"Resiko pelemahan nilai tukar karena ada capital outflow perlu dimitigasi dengan memperketat kebijakan moneter. Tapi ini perlu dilakukan bertahap dengan sinyal dari otoritas moneter dan langkah yang prudent," kata Tauhid dalam diskusi publik daring, dikutip Rabu, 25 Mei 2022.
Sepanjang 2022 sampai 2023, pemerintah juga perlu mempercepat realisasi belanja negara agar dapat menyumbang lebih tinggi pada pertumbuhan ekonomi nasional. Belanja negara yang perlu didorong terutama yang berkaitan dengan sektor produktif dan belanja modal.
Di samping itu, pada 2023 pemerintah dinilai perlu memotong belanja kementerian dan lembaga yang tidak produktif dan mengubah mekanisme subsidi energi agar lebih tepat sasaran.
"Misalnya LPG 3 kilogram dibiarkan dibebaskan mengembang subsidinya bahkan bisa jauh lebih buruk di 2023 karena tidak ada upaya reformasi ketidaktepat sasaran, termasuk Pertalite yang subsidinya tidak hanya dinikmati kelompok bawah, tapi dinikmati seluruh masyarakat," terang dia.
Pasalnya, diperkirakan harga komoditas pangan dan energi masih tinggi pada 2023 mendatang karena blokade terhadap Rusia tetap dilakukan oleh berbagai negara. Hal ini menyebabkan subsidi energi yang disalurkan pemerintah berpotensi meningkat.
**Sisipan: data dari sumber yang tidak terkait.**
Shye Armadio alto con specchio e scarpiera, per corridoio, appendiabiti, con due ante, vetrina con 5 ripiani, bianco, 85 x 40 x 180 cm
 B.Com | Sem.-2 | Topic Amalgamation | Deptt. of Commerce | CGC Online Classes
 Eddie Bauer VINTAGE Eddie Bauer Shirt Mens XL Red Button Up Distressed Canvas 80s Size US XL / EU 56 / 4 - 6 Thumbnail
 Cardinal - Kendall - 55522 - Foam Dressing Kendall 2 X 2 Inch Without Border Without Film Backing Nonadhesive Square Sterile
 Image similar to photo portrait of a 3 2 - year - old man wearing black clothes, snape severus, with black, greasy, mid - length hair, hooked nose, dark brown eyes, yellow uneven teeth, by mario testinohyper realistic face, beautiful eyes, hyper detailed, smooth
Tekanan terhadap APBN pun semakin besar karena pada saat yang sama pemerintah harus membayar utang dan bunga utang jatuh tempo yang diperkirakan mencapai Rp366 triliun pada 2023.
Karena itu, ke depan pemerintah juga dinilai perlu memperbaiki perekonomian dan tata kelola investasi agar suku bunga obligasi Indonesia tidak terlalu tinggi.
"Peran pemerintah cukup kredibel untuk menjaga perekonomian, termasuk menjaga aliran investasi," ucapnya.